More importantly, there is greater urgency for effective capital markets elsewhere. Scotland, for example, has more companies per square mile that fit the potential entry criteria of the likes of AIM than any other part of the UK. Conventional wisdom has it that, under 500,000, companies can finance themselves through the banks; beyond 50m they can (and probably should) go to the senior markets.
It is precisely this sort of FT-SE 200-300 that Scottish industry offers in spades. It also has a long-established and renowned financial community, as well as office, staff and administration costs that are a fraction of those of the City, offering far more flexible fee structures. Little wonder some of the more imaginative brokerships have moved dealing operations there.

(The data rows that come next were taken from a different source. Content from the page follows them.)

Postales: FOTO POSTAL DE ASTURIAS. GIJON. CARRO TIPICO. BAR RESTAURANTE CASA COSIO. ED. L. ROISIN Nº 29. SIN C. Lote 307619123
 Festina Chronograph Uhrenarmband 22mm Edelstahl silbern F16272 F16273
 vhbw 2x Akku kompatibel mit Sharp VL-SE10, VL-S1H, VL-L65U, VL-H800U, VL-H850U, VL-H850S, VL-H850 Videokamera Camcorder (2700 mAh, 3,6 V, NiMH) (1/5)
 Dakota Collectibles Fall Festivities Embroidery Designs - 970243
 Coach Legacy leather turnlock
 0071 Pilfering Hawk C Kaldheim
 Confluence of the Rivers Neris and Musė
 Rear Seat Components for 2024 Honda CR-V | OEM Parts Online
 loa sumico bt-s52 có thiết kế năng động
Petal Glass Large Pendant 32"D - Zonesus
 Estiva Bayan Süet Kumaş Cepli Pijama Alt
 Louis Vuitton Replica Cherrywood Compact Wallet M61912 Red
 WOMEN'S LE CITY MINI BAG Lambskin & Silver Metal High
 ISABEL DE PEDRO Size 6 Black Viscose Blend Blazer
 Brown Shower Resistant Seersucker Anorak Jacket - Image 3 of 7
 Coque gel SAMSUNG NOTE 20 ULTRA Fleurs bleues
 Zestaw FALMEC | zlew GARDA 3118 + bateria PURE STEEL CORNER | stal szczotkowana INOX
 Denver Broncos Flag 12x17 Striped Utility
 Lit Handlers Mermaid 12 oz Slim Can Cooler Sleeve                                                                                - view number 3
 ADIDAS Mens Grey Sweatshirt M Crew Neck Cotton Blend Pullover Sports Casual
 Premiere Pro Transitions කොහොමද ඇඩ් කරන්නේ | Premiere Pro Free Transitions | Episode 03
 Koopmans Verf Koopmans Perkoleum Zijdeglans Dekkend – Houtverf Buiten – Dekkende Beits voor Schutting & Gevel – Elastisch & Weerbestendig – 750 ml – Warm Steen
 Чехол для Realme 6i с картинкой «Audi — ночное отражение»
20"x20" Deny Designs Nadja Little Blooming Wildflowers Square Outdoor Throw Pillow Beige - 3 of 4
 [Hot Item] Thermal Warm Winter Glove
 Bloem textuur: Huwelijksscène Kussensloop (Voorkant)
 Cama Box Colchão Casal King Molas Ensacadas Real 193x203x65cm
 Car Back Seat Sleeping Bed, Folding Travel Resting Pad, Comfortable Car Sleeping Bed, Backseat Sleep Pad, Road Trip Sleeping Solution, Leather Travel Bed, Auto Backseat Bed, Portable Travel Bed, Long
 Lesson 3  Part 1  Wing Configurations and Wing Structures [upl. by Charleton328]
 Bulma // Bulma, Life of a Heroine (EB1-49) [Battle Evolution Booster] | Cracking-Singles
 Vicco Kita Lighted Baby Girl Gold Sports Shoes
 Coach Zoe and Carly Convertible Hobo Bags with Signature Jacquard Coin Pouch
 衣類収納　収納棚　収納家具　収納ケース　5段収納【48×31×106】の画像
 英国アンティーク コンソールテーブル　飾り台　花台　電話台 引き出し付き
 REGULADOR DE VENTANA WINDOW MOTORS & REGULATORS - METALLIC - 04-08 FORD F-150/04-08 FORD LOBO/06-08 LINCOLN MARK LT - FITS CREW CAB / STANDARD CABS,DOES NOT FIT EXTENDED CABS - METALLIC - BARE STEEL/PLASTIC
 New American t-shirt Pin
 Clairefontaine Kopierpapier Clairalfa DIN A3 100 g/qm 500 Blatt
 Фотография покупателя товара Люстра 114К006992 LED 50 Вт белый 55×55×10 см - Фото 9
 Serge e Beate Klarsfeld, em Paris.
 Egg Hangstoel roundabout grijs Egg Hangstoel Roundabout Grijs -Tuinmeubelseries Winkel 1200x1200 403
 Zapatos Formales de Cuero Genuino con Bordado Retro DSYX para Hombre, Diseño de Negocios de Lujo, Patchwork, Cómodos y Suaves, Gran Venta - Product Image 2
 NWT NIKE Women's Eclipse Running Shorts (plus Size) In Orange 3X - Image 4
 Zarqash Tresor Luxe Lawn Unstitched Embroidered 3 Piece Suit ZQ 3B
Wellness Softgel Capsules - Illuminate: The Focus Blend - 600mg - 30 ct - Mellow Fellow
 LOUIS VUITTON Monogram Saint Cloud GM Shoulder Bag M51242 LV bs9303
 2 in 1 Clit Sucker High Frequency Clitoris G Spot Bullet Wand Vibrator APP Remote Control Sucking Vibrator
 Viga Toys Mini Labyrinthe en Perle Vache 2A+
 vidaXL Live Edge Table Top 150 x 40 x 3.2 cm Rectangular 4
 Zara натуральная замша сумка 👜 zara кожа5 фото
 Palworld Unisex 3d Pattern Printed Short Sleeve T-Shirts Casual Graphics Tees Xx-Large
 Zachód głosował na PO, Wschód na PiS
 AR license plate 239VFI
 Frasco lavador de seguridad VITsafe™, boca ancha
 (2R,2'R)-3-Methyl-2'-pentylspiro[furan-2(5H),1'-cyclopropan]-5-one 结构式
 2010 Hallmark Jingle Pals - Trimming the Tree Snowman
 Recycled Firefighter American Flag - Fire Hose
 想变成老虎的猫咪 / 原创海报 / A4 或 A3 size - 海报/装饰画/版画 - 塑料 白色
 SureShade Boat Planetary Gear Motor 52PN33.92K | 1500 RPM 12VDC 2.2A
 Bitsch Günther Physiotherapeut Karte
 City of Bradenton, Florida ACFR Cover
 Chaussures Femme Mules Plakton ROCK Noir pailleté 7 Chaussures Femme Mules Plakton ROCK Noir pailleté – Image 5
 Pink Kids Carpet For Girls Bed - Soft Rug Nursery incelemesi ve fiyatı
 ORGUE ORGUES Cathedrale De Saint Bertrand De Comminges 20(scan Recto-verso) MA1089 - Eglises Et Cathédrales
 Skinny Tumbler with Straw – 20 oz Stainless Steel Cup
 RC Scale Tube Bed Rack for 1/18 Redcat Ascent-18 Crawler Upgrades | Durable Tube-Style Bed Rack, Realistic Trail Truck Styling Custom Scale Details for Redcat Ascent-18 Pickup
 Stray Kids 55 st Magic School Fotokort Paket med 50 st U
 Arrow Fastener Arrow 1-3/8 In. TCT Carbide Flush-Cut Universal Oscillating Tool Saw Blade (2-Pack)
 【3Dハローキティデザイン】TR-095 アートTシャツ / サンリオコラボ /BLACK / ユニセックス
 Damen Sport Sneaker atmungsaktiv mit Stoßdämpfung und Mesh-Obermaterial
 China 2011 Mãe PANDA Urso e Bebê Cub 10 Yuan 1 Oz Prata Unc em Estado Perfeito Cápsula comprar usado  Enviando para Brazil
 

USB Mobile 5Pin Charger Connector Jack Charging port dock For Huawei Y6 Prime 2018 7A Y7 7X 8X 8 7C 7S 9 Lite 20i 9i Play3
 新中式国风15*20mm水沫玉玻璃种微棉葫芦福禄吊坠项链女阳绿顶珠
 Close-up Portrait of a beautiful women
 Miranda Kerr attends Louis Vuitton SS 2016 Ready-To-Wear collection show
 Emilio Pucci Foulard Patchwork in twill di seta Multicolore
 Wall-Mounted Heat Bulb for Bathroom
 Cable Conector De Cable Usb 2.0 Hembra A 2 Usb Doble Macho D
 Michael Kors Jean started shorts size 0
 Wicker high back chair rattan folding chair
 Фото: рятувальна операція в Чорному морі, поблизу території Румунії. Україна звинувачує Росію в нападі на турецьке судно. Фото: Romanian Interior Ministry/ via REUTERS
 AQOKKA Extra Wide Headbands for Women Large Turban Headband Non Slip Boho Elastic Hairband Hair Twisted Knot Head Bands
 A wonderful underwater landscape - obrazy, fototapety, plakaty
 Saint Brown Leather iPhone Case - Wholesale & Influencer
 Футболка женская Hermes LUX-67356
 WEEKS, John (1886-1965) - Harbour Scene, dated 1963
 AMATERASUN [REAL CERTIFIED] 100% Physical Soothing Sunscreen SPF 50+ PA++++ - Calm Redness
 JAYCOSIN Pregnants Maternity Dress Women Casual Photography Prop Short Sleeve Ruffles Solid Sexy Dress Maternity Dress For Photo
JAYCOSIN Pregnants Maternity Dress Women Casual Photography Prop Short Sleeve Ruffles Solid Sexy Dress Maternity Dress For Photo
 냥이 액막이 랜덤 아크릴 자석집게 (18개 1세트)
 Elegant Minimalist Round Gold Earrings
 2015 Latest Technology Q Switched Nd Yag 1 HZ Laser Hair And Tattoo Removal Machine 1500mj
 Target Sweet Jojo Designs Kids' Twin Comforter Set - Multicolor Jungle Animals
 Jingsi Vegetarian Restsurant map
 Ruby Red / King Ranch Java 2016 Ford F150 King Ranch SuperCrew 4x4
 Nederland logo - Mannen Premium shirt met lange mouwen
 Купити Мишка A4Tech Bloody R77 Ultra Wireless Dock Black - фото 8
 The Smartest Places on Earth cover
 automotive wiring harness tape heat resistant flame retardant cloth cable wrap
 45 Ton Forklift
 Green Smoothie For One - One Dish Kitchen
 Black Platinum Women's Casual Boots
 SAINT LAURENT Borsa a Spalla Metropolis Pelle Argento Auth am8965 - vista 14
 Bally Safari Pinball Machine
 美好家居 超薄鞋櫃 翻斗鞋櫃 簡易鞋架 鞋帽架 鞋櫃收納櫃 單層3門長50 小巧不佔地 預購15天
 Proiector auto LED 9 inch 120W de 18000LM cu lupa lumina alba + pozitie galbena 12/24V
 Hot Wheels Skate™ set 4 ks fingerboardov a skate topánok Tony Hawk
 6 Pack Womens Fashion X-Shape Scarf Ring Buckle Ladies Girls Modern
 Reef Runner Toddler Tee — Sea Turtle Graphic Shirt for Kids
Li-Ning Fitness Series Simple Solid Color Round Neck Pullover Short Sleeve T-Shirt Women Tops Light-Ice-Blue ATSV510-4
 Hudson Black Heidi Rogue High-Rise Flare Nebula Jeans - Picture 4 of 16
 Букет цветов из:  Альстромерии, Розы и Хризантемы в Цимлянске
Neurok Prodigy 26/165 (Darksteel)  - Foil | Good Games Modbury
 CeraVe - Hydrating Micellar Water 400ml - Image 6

But as for a full-blown effort to move the operation of capital markets out of the City? Forget it. The City is still a powerful centre of vested interests and, it has to be said, there is little political incentive for this Government to defend its economic position in Scotland – it has already blown it.
The next point concerns those technological advances. Nasdaq created a federation of capital markets across the US, which should have opened our minds to the possibilities.
Today, it should be perfectly possible to quote and deal shares through the Internet, subject to localised standards of regulation. If that is the case, then logically, capital markets on the Internet must follow. Such moves are afoot and offer considerably longer term prospects for the capital markets than AIM, or any other son of USM, at a fraction of the cost.
Longer term prospects for everyone, that is, other than merchant bankers and stockbrokers, for whom there will cease to be the fees to which they are accustomed or, for many, much of a job left to do. Sadly for growing companies, that’s why the City, the Stock Exchange and AIM will be defended to the last.
George Pitcher is joint managing director of media consultancy Luther Pendragon.